Zum Mitlesen im Forum komme ich ja, aber für einen Bericht fehlte mir einfach die Zeit.

Nun nehme ich mir einfach die Zeit und berichte über die Fortschritte…



Der letzte Stand hier im Forum war ja, dass die groben Baggerarbeiten erledigt waren.

Wir sind dann an die feineren Baggerarbeiten gegangen bis mit dem 22-Tonner nichts mehr zu machen war.


     


Nun war es im Frühjahr trocken und die Behelfszufahrt brauchbar…

 



Um die Kraterlandschaft, die die Baggerei hinterlassen hatte eben zu bekommen habe ich mir eine 3m breite uralte Ringegge für € 50.- gekauft und die an meinem Oldtimer-Traktor (Fendt Fix 2, BJ 1961) angehängt. Nach 5x kreuz und quer abeggen war das Gelände ziemlich einheitlich und brauchbar.



     




Anschließend haben wir Geovlies ausgelegt und Kies kommen lassen.

           


Um dem Boden im Schwimmbereich eine angenehme Schicht zu geben und um den Strand ausformen zu können brauchten wir gut 150 Tonnen. Wir wählten 4/8er Kies, nachdem wir diesen und 8/16er probegefühlt und probegelaufen haben. Nach einem Sommer Nutzung können wir nur bestätigen, dass es die richtige Wahl war! Da wir zwischen Lech und Donau wohnen hatten wir die Wahl der Kiese. Der Donaukies ist optisch und haptisch schöner als der Lechkies, so dass wir uns natürlich für diesen entschieden haben.

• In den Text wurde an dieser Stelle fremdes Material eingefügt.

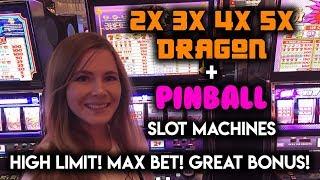 Is HIGH LIMIT Pinball Slot Machine my new ATM? 2x3x4x5x  DRAGON!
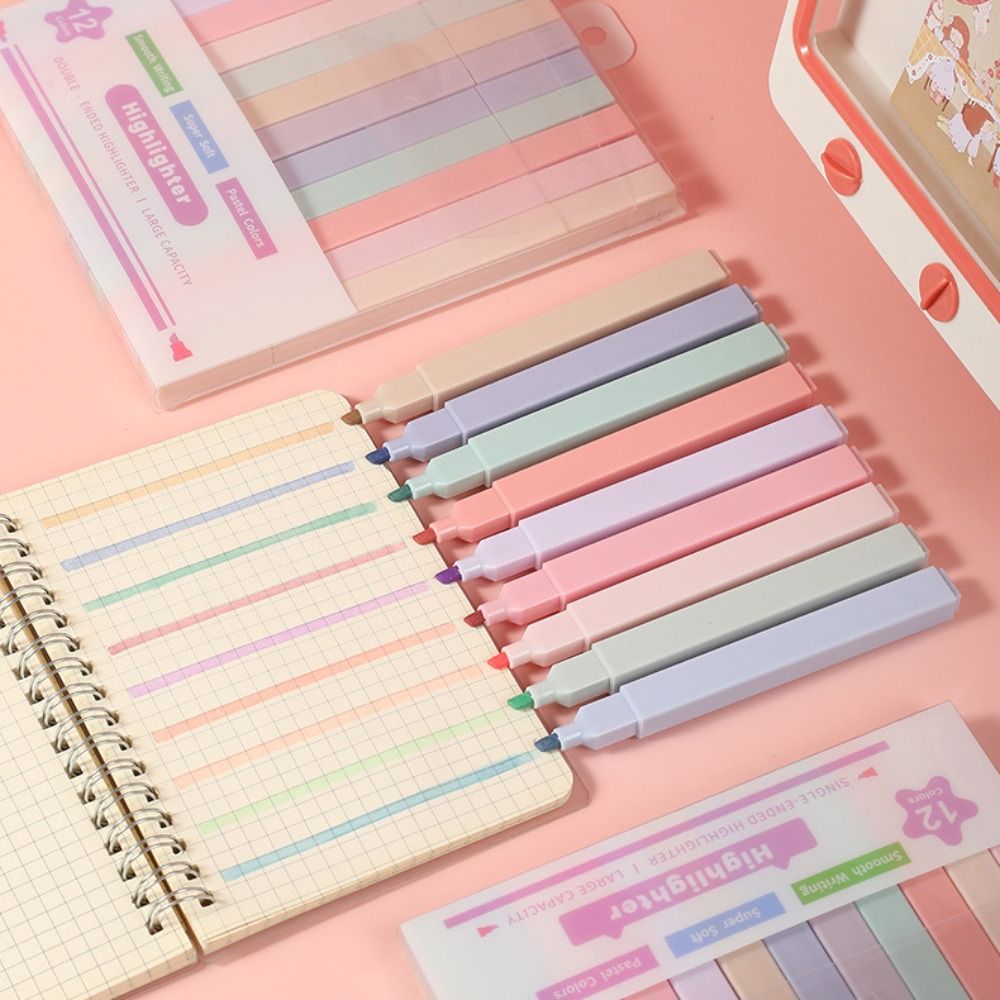 Double Headed Highlighter Pens - đánh giá và giá Pastel Highlighter Set Double Ended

Den haben wir dann möglichst nah abkippen lassen und dann, soweit es ging, mit dem Minibagger verteilt.

   

Das war Anfang Mai.

Das Wetter war aber schon so gut, dass parallel die Plansch-Saison eröffnet werden konnte…

 

Doch das Kies war immer noch nicht ganz verteilt.

Da aber nun der Minibagger an seine Grenzen stieß hieß es Handarbeit…

Hier haben wir ein altes Förderband zur Unterstützung genommen und den Kies verteilt.

     

Hier war sehr viel Handschaufelarbeit gefragt…

Doch am Ende war alles gut (fast)

   

Die Feinheiten sollten später folgen.

Wichtig war, dass der Badebetrieb aufgenommen werden konnte.

   


Um bei Kräften zu bleiben habe ich ein altes Schaukelgestell auseinandergeschweißt und als provisorischen Ständer für meinen Feuertopf verwendet. Darin wird Pörkölt besser als auf jedem Herd!!!

 

Erfreulich ist, dass die Natur die Anlage schon zu schätzen weiß…

     


Mittlerweile habe ich eine große Teichmummel, eine weiße und eine glänzende Seerose erworben.

Diese sind vorübergehend am Rand geparkt, werden aber, wenn der Teich Endhöhe erreicht hat, umgepflanzt.
 

Die Kaulquappen entwickelten sich auch prächtig…

 

Und das war nicht die größte!!!



Langsam fing dann das Teichleben an sich zu entwickeln…

 

Das war dann soviel, dass wir tagelang vom Boot aus Algen keschern mussten.

 

Aber Kinder und Tiere fühlten sich im Teich und dessen Umgebung wohl!

         


Doch nur Teich geht einfach auch nicht!

Also haben wir die Zufahrt verbessert und statt eines Fensters eine Doppeltür Richtung Teich eingebaut.

Zu Beginn des Herbstes bin ich nun froh, dass ich etwas Teichpause habe. Nun heißt es zuhause werkeln und Teichpläne für nächstes Jahr schmieden…


Wenn ich auf das letzte Teichjahr zurückblicke bin ich immer wieder überrascht, was wir da in einem Jahr  verändert haben…

   



   


Viele Grüße



Christian


----------



## Eva-Maria (13. Dez. 2019)

... der Knaller schlechthin,  CHAPEAU!!


----------



## peregrines (29. Apr. 2020)

Sehr interessantes Projekt! Danke für die ausführlichen Beiträge und Fotos!
Wir haben grade etwas ähnliches am Laufen (50m2 Wasserfläche, Steinuntergrund natürlich, gespeist durch mehrere Quellen).
Würde mich sehr interessieren, wie es bei Dir weitergegangen ist und wie sich die Teichlandschaft entwickelt hat! 

Viele Grüße,
Felix


----------



## Turbochris (1. Mai 2020)

Es gibt tatsächlich Neues zu berichten...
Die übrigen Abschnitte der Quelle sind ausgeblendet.